#### Required action
Your response should be the complete data, transcribed exactly.

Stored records
::::

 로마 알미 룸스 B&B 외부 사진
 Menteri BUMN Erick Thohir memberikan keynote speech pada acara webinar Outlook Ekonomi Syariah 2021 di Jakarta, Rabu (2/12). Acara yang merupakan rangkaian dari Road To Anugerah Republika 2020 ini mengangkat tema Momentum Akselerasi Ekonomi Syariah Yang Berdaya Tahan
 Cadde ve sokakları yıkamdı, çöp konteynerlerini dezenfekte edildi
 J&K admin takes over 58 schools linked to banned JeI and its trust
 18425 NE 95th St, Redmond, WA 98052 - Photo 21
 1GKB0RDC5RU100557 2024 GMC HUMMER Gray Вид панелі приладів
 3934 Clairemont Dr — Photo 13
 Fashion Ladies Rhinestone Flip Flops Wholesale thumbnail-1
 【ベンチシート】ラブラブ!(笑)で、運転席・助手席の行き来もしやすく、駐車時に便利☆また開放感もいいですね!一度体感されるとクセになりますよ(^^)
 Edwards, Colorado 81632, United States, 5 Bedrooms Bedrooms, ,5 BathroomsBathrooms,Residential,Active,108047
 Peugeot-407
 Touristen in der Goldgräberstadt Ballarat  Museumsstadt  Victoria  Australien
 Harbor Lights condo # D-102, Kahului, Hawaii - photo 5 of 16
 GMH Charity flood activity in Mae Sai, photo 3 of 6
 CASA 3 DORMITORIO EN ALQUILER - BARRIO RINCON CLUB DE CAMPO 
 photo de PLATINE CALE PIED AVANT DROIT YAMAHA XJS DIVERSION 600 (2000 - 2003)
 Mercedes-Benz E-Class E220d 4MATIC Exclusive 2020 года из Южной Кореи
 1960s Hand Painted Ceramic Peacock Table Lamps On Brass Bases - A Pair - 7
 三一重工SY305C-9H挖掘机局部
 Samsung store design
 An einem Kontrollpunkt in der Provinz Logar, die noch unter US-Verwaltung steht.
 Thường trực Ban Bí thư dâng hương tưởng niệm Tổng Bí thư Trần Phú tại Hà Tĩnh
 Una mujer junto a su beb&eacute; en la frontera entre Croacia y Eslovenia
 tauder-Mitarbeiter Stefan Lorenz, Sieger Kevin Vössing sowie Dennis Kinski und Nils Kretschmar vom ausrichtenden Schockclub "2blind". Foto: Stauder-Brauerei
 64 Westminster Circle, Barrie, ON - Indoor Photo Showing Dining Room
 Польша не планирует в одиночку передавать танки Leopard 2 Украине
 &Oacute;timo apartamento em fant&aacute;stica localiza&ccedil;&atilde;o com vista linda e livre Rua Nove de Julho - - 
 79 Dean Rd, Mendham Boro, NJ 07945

::::

#### Written response
 로마 알미 룸스 B&B 외부 사진
 Menteri BUMN Erick Thohir memberikan keynote speech pada acara webinar Outlook Ekonomi Syariah 2021 di Jakarta, Rabu (2/12). Acara yang merupakan rangkaian dari Road To Anugerah Republika 2020 ini mengangkat tema Momentum Akselerasi Ekonomi Syariah Yang Berdaya Tahan
 Cadde ve sokakları yıkamdı, çöp konteynerlerini dezenfekte edildi
 J&K admin takes over 58 schools linked to banned JeI and its trust
 18425 NE 95th St, Redmond, WA 98052 - Photo 21
 1GKB0RDC5RU100557 2024 GMC HUMMER Gray Вид панелі приладів
 3934 Clairemont Dr — Photo 13
 Fashion Ladies Rhinestone Flip Flops Wholesale thumbnail-1
 【ベンチシート】ラブラブ!(笑)で、運転席・助手席の行き来もしやすく、駐車時に便利☆また開放感もいいですね!一度体感されるとクセになりますよ(^^)
 Edwards, Colorado 81632, United States, 5 Bedrooms Bedrooms, ,5 BathroomsBathrooms,Residential,Active,108047
 Peugeot-407
 Touristen in der Goldgräberstadt Ballarat  Museumsstadt  Victoria  Australien
 Harbor Lights condo # D-102, Kahului, Hawaii - photo 5 of 16
 GMH Charity flood activity in Mae Sai, photo 3 of 6
 CASA 3 DORMITORIO EN ALQUILER - BARRIO RINCON CLUB DE CAMPO 
 photo de PLATINE CALE PIED AVANT DROIT YAMAHA XJS DIVERSION 600 (2000 - 2003)
 Mercedes-Benz E-Class E220d 4MATIC Exclusive 2020 года из Южной Кореи
 1960s Hand Painted Ceramic Peacock Table Lamps On Brass Bases - A Pair - 7
 三一重工SY305C-9H挖掘机局部
 Samsung store design
 An einem Kontrollpunkt in der Provinz Logar, die noch unter US-Verwaltung steht.
 Thường trực Ban Bí thư dâng hương tưởng niệm Tổng Bí thư Trần Phú tại Hà Tĩnh
 Una mujer junto a su beb&eacute; en la frontera entre Croacia y Eslovenia
 tauder-Mitarbeiter Stefan Lorenz, Sieger Kevin Vössing sowie Dennis Kinski und Nils Kretschmar vom ausrichtenden Schockclub "2blind". Foto: Stauder-Brauerei
 64 Westminster Circle, Barrie, ON - Indoor Photo Showing Dining Room
 Польша не планирует в одиночку передавать танки Leopard 2 Украине
 &Oacute;timo apartamento em fant&aacute;stica localiza&ccedil;&atilde;o com vista linda e livre Rua Nove de Julho - - 
 79 Dean Rd, Mendham Boro, NJ 07945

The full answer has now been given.